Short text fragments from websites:
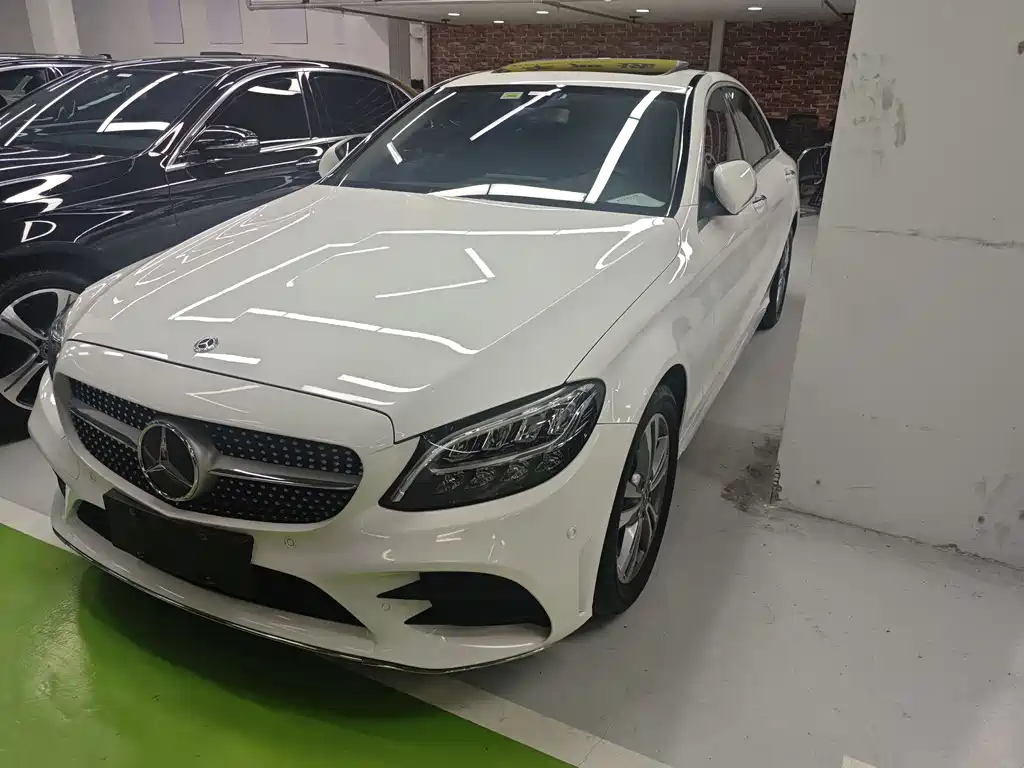 Mercedes-Benz C-Class 2020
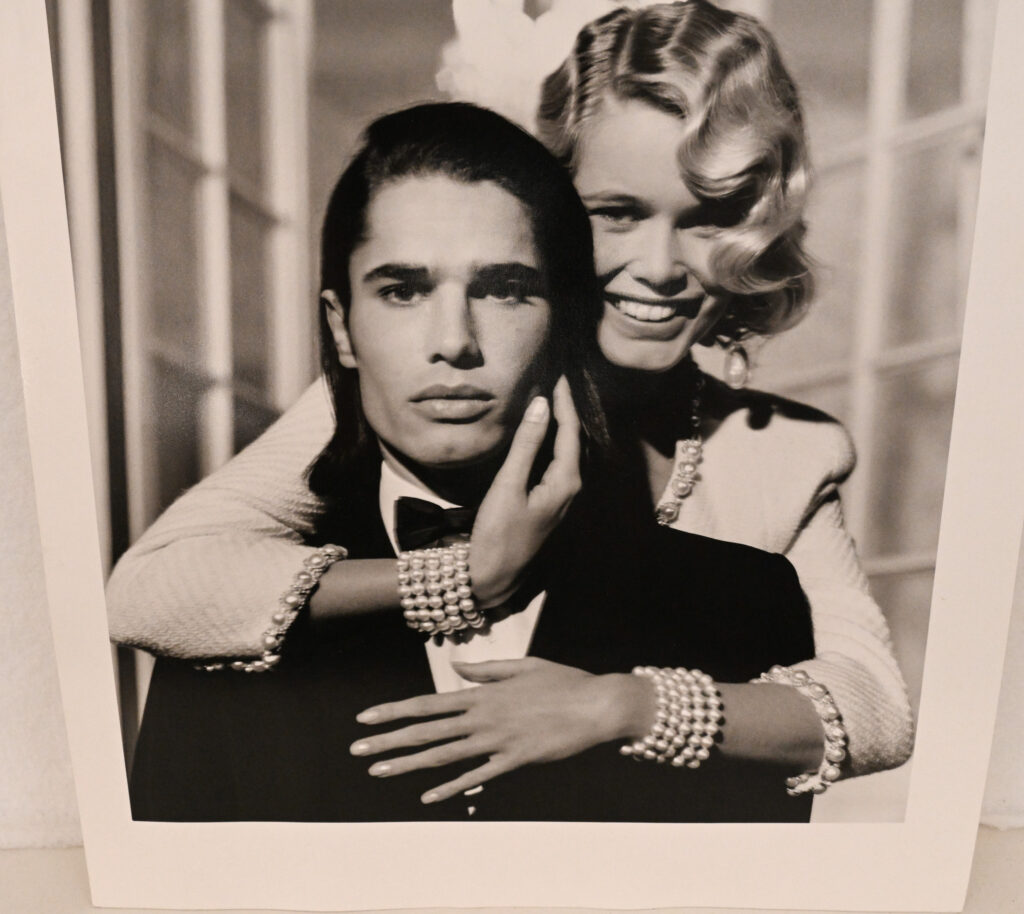 Original-photograph-of-Claudia-Schiffer-with-Cameron-Alborzian-by-Karl-Lagerfeld-04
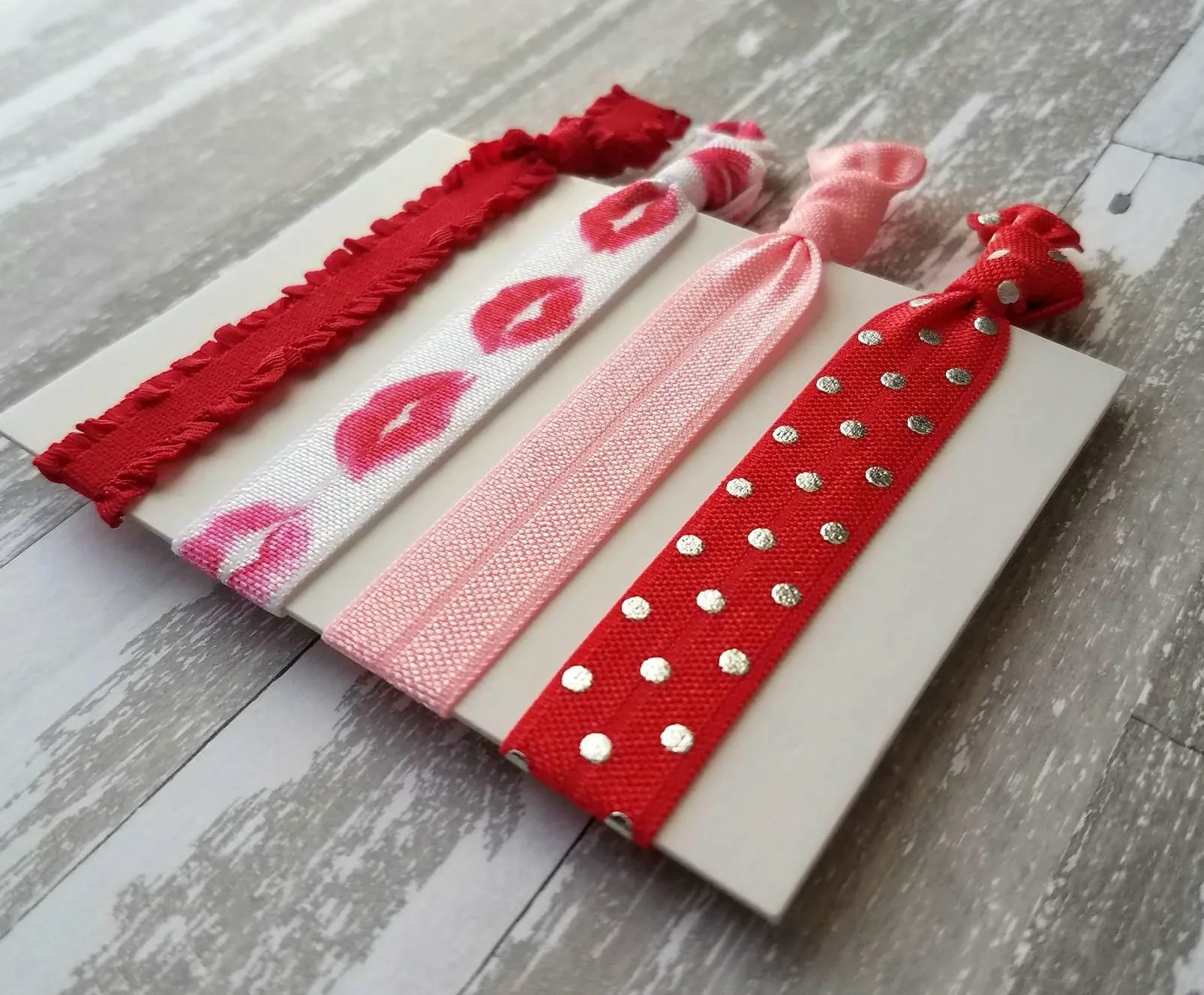 Valentine Hair Tie Set, Valentine ties, Valentine ponytail holder, Valentine hair band, kiss accessories, love gift, red pink hair elastic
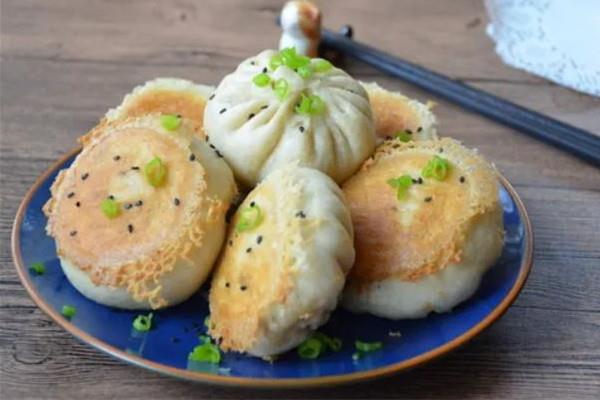 水煎包用大火还是小火 水煎包煎多久放面水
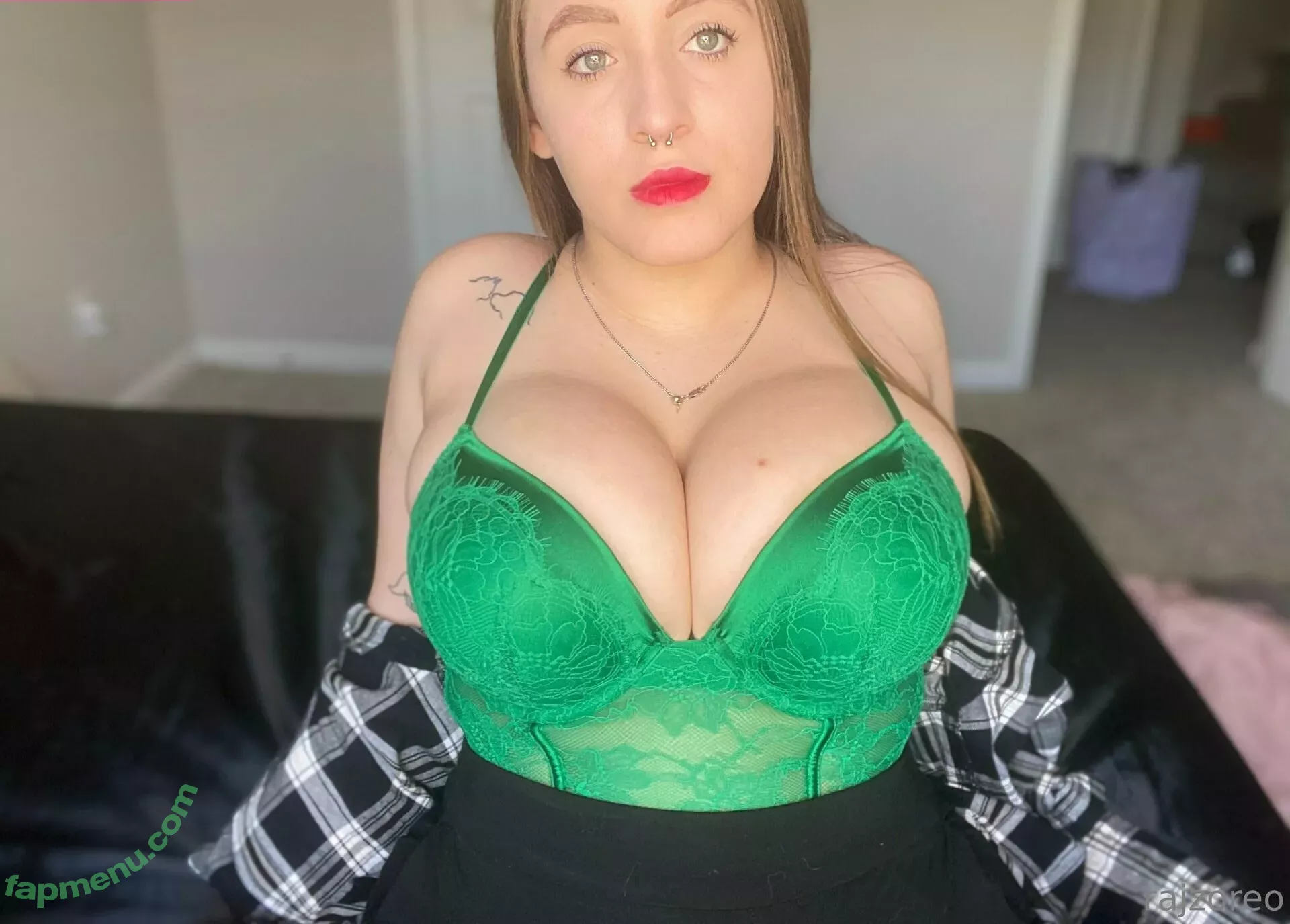 rajzoreo nude photo #0050 (rajzoreoo)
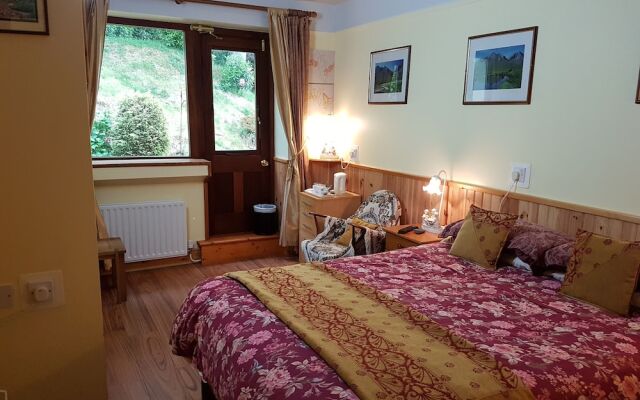 Kylemore Pass Hotel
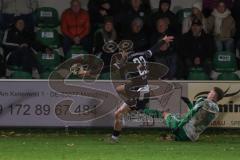 Landesliga - Saison 2025/26 - SV Manching - FC Ehekirchen - Fabian  Neumayer (Nr.9 - SV Manching) - Jakob Schmid schwarz Ehekirchen - Foto: Meyer Jürgen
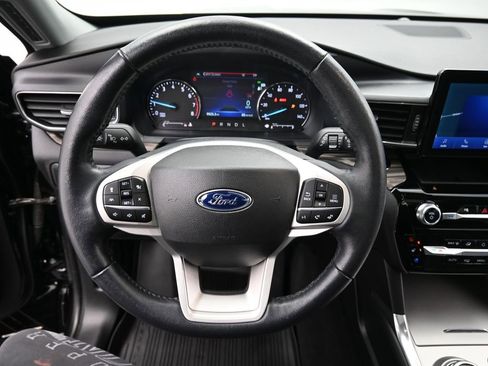 Used 2022 Ford Explorer Limited w/ Equipment Group 301A image 13
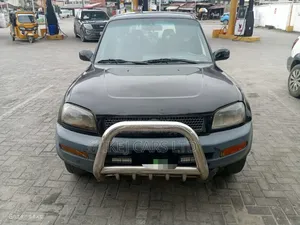 Toyota RAV4 1997 Black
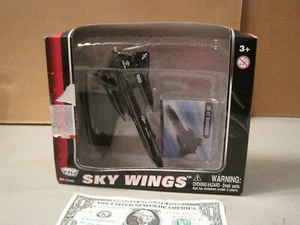 Sky Wings SR-71 Blackbird Die-Cast Airplane W / Display Stand and Card Motor Max - Picture 1 of 10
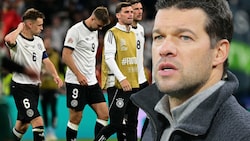 Michael Ballack (re.) schimpft über die Leistung des DFB-Teams.  (Bild: Krone KREATIV/APA/AFP/Tobias SCHWARZ, GEPA)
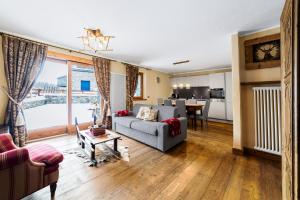 a living room with a couch and a table at Maison Carrel Elegant 2 in Breuil-Cervinia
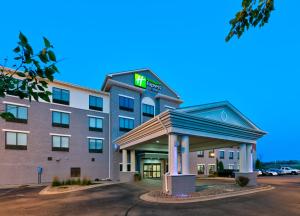 una imagen de un edificio de hotel en Holiday Inn Express Hotel & Suites Shakopee, an IHG Hotel, en Shakopee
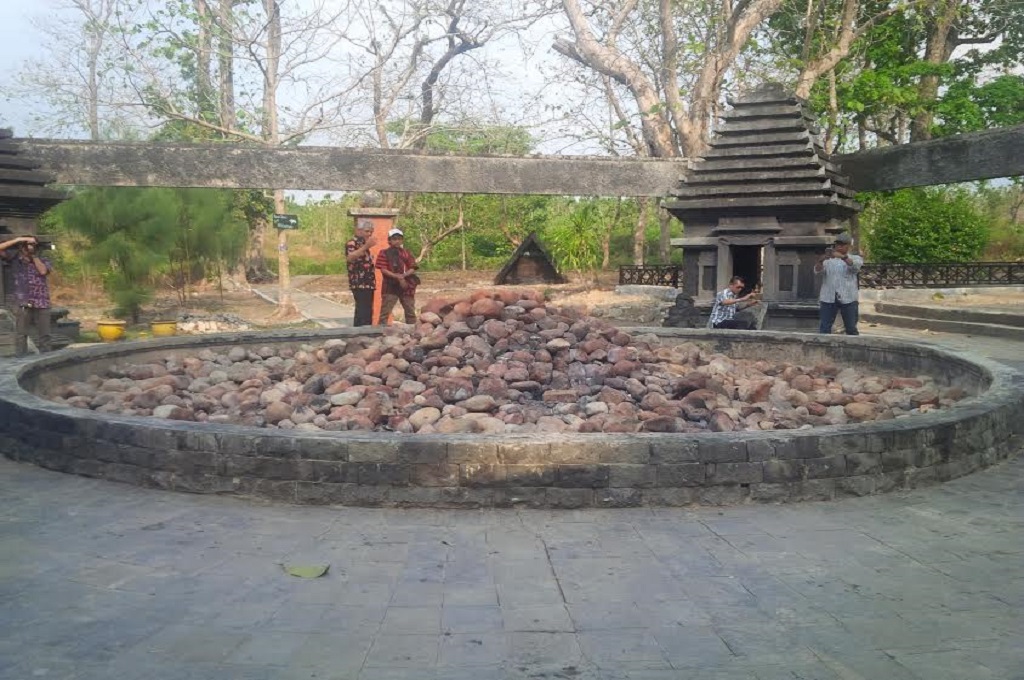 Pengunjung mendatangi Kayangan Api, api abadi, di Bojonegoro, MTVN - Amaluddin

What you will do>
Omitting the pictures, repeat all entries exactly.

Solution to this exercise>
 Mercedes-Benz C-Class 2020
 Original-photograph-of-Claudia-Schiffer-with-Cameron-Alborzian-by-Karl-Lagerfeld-04
 Valentine Hair Tie Set, Valentine ties, Valentine ponytail holder, Valentine hair band, kiss accessories, love gift, red pink hair elastic
 水煎包用大火还是小火 水煎包煎多久放面水
 rajzoreo nude photo #0050 (rajzoreoo)
 Kylemore Pass Hotel
 Landesliga - Saison 2025/26 - SV Manching - FC Ehekirchen - Fabian  Neumayer (Nr.9 - SV Manching) - Jakob Schmid schwarz Ehekirchen - Foto: Meyer Jürgen
 Used 2022 Ford Explorer Limited w/ Equipment Group 301A image 13
 Toyota RAV4 1997 Black
 Sky Wings SR-71 Blackbird Die-Cast Airplane W / Display Stand and Card Motor Max - Picture 1 of 10
 Michael Ballack (re.) schimpft über die Leistung des DFB-Teams.  (Bild: Krone KREATIV/APA/AFP/Tobias SCHWARZ, GEPA)
 a living room with a couch and a table at Maison Carrel Elegant 2 in Breuil-Cervinia
 una imagen de un edificio de hotel en Holiday Inn Express Hotel & Suites Shakopee, an IHG Hotel, en Shakopee
 Pengunjung mendatangi Kayangan Api, api abadi, di Bojonegoro, MTVN - Amaluddin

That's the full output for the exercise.